The nods are not merely in the direction of Tolkien (or, indeed, World of Warcraft), however. Pratchett’s Discworld as well as references to various other staples of fantasy, adventure games and popular culture are thrown into the melange, with a heavy dose of original humour, charm and – naturally – carefully crafted (and occasionally decidedly convoluted) puzzles, often adhering to the rule of three, which the fourth-wall shattering characters know all too well is an adventuring standard.
With all this in mind, I really wanted to enjoy this game. And while I enjoyed it, I did not really enjoy it. The trouble is, that there was too little that felt new about it. In spite of what Todd might have said in his recent review for Primordia, the adventure game genre has had its revival period and is now surviving rather nicely, if not positively thriving, so it was not the breath of fresh air it might have been a few years ago before Telltale and others essentially revived it. A comic fantasy adventure appeared not all that long ago in the shape of the not altogether successful The Whispered World (though I have not played enough of this to really run a fair comparison). The writing was smart and the puzzles were clever, but a little too often KING Art’s influences were a little too apparent.
An example of this is a reference is made in one part to Simon the Sorcerer, not long after which a joke is made that is uncomfortably close to one made in Simon the Sorcerer II: The Lion, the Wizard and the Wardrobe (a reference to Dungeons and Dragons). Elsewhere, having previously met Death and questioned why he does not talk in all-caps (a reference to Death of the Discworld), you encounter a ramshackle collective of undead trying to rehabilitate themselves into the world of the living. This is not just an element of the Discworld novel Reaper Man, but also a feature of the game that used this as the larger part of its plot: Discworld II: Missing Presumed…!?.

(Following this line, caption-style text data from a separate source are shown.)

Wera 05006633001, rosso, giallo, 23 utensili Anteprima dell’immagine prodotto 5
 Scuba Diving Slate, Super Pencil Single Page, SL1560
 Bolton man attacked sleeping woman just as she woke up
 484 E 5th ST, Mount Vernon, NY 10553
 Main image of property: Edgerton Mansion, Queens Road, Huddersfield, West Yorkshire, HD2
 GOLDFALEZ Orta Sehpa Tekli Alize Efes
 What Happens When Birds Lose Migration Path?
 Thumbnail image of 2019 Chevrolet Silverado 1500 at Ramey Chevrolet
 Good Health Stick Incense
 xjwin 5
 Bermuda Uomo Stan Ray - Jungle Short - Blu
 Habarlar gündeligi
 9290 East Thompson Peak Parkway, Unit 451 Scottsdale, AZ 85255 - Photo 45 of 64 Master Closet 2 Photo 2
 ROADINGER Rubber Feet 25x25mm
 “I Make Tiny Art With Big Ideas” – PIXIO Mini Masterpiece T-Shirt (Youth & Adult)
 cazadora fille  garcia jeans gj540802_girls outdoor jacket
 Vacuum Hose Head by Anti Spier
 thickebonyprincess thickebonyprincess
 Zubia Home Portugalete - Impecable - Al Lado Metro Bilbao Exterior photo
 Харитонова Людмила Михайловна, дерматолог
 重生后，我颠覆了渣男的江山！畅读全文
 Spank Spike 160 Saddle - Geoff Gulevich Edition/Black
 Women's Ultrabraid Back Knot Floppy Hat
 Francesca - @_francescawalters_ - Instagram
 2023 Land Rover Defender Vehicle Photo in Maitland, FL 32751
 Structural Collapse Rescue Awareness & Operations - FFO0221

This was enough to eject me from the world that otherwise did a lot to captivate. Each screen was beautifully rendered, the characters engaging, the writing and delivery both superb and the gameplay and puzzles far enough from frustrating to be enjoyable, but close enough to afford a challenge. In terms of its length, I would say it was rather generous, spinning an epic yarn involving four very different playable characters. If not for these moments that felt a little too jarring to a seasoned adventure gamer, it was a wonderful story well presented and would be a great foray into the genre for a first-timer, if only merely a pleasant enough addition to a collector’s library.
Summary: The Books of Unwritten Tales is the first in a series that may well take its seat at the table of adventure game staples, though it will first have to start helping itself less from the others’ plates.
Verdict: 7 out of 10
Platforms: PC, Mac
The Book of Unwritten Tales was developed by KING Art Games. It is available to purchase on their website, or via Steam, GOG.com and others. Steam is the more expensive option, so you should only consider it if you want the Digital Extras, or if you desperately need Steam in order to play a game.